--- Data supplied Enclosed Below ---

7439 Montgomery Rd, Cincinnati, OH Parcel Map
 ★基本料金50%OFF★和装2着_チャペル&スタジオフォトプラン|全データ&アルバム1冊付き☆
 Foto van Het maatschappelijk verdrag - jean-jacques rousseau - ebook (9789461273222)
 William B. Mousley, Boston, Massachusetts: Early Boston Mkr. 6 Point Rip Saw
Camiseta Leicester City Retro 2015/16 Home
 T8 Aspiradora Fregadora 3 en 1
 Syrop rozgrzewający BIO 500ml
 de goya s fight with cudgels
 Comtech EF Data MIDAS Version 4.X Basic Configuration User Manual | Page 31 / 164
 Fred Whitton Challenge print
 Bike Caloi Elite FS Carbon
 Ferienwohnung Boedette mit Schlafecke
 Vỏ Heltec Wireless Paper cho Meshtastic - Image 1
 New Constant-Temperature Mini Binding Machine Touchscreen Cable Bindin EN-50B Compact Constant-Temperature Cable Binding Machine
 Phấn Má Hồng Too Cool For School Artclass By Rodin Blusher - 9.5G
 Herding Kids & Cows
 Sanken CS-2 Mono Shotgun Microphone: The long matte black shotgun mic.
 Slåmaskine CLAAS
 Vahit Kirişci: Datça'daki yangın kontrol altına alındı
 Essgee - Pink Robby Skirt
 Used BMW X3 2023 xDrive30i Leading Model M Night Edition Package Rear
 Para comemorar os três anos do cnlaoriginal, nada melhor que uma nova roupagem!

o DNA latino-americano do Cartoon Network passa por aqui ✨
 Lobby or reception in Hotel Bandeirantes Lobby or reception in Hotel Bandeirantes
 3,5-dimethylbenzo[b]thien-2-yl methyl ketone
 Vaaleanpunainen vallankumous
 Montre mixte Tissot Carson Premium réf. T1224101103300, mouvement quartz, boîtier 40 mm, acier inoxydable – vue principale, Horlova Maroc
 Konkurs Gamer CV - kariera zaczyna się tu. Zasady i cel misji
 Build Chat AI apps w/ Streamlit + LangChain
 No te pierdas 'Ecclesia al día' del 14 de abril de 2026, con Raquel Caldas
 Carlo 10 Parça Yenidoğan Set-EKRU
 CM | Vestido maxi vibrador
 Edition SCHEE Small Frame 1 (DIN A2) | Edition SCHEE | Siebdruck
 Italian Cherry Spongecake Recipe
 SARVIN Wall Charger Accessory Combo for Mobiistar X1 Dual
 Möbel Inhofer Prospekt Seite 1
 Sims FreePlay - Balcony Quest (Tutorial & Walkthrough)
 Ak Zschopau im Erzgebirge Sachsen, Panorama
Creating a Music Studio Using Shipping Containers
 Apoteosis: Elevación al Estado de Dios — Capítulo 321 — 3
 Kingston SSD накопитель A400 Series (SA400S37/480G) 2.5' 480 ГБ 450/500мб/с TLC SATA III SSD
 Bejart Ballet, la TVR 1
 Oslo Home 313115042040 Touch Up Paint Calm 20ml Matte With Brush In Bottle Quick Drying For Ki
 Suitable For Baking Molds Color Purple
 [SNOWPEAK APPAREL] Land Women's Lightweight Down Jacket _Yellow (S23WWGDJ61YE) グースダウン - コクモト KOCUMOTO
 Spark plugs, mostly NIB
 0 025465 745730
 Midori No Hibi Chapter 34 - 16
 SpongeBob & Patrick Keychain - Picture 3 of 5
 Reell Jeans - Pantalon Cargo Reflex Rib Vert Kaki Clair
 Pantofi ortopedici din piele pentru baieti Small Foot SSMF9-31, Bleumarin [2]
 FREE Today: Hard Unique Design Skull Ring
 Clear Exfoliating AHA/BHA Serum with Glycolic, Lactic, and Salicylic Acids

--- End of Enclosed Data supplied ---

● **What to work on**
Filter the entries above down to the lines that contain "Edition".

● **Task answer**
 Used BMW X3 2023 xDrive30i Leading Model M Night Edition Package Rear
 Edition SCHEE Small Frame 1 (DIN A2) | Edition SCHEE | Siebdruck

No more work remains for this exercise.